シネマトゥデイ 8月27日(土)13時44分配信
← 生きていた!曽根中生監督
26日、大分県で開催中の第36回湯布院映画祭で、死亡説や行方不明説が飛び交っていた伝説の映画監督・曽根中生がおよそ20数年ぶりに公の場に姿を現し、謎のベールに包まれていた空白の期間を激白した。
曽根監督といえば、『天使のはらわた 赤い教室』『新宿乱れ街 いくまで待って』『嗚呼!!花の応援団』『博多っ子純情』など1970年代、80年代の日本映画界で数々の傑作を生み出してきた伝説の映画監督。しかし、多額の負債を抱えた80年代後半にプッツリと消息を絶ってしまって以来、映画業界でその行方を知るものはいなかった。そんな曽根監督が20数年ぶりに公の場に登場、報道陣の前で会見を行うことになった。
映画関係者の間でも「借金が返せずにヤクザに殺された」「北九州で敵対するヤクザ組織の親分になった」「ダンプ(タクシー説もあり)の運転手をやっていた」など、まことしやかなうわさが次々と飛び交い、いわば都市伝説化。その辺の真相を直撃してみると「東京にいたころ、借金でよくヤクザに呼び出されていた。その様子を見ていた人がそういううわさを流したのかもしれないですね」と返答。さらに運転手説も「だいたい僕は運転が下手くそですから」と一笑に付していた。
曽根監督はなぜ映画界と距離を置いたのか。「ちょうど(自身が手掛けた制作会社)フィルムワーカーズを倒産させた後で、借金があった。そんなときに競艇の映画(現時点で曽根監督最後の映画となる『フライング 飛翔』)にお金を出してくれるところがあって、それにすがった。そしたら本職の競艇選手に『あなた競艇を知らないでしょう』とこっぴどくやられた。実際、出来た映画もひどかったし、これ以上映画を撮ることは罪悪だと思うようになった。それと西村隆平というプロデューサーが若くして亡くなったことも大きかった。片腕を亡くしたような気持ちになって。そんなこともあって、とにかく映画に捨てられたという意識が強くなり、映画から離れなければならないと思った」と明かす。

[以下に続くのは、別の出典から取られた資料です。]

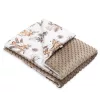 Gyermek pléd Minky New Baby Safari 80x100 cm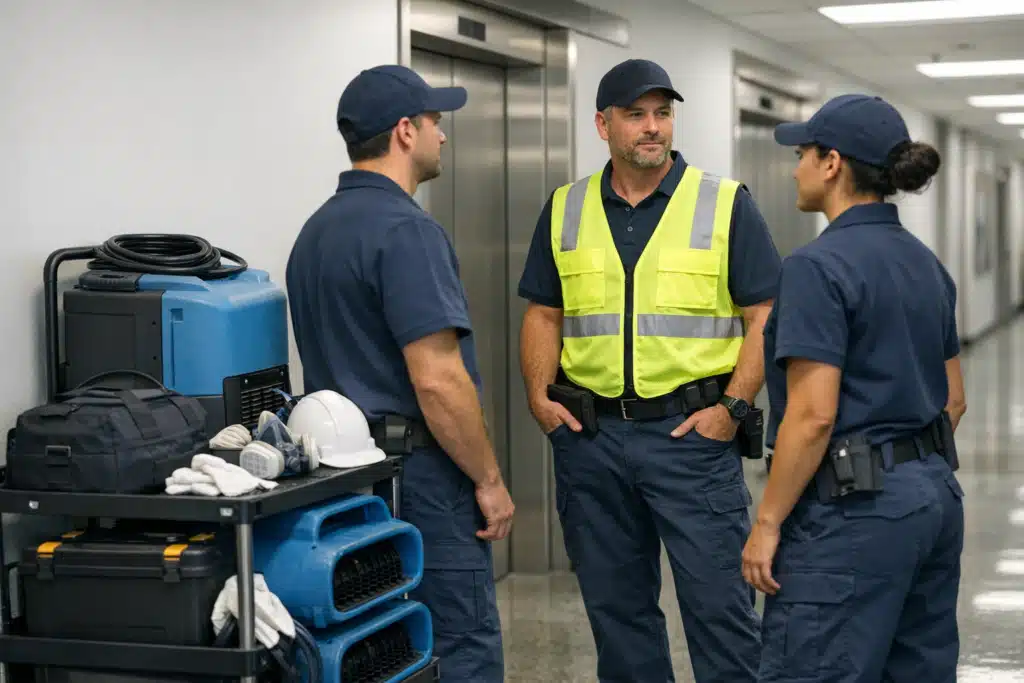 Commercial Restoration ‘Proof Pages’: What Property Managers Want to See Before They Call You - 2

その後は九州で、ヒラメの養殖所で働いたり、競艇場で出会った羽振りのいい怪しい男に小遣いをもらったりしたりと、映画とは無縁の生活を続けた曽根監督。そしてその後、九州大学で出会った電子工学の先生のもとで磁気の勉強をしたという。その過程で二つの特許を取得。一つは、火力・電気を使わずに鉄・ガラス以外の物質をことごとく灰にする「磁粉体製造装置」、もう一つは油と水を混合して新しい燃料を作る技術「エマルジョン燃料装置」。現在は大分県でその実験を続け、その収入で暮らしているのだという。
そんなときに、この湯布院映画祭で『博多っ子純情』を上映すると知ってしまい、いても立ってもいられずに、曽根監督自ら、映画祭事務局に連絡をとったのだという。その流れでつい最近、『(秘)女郎市場』『嗚呼!!花の応援団』などで組んだ脚本家の田中陽造と再会。「(この空白の期間に)会えなくなった人間がたくさんいる。生きていて良かったなと思った」としみじみ語る。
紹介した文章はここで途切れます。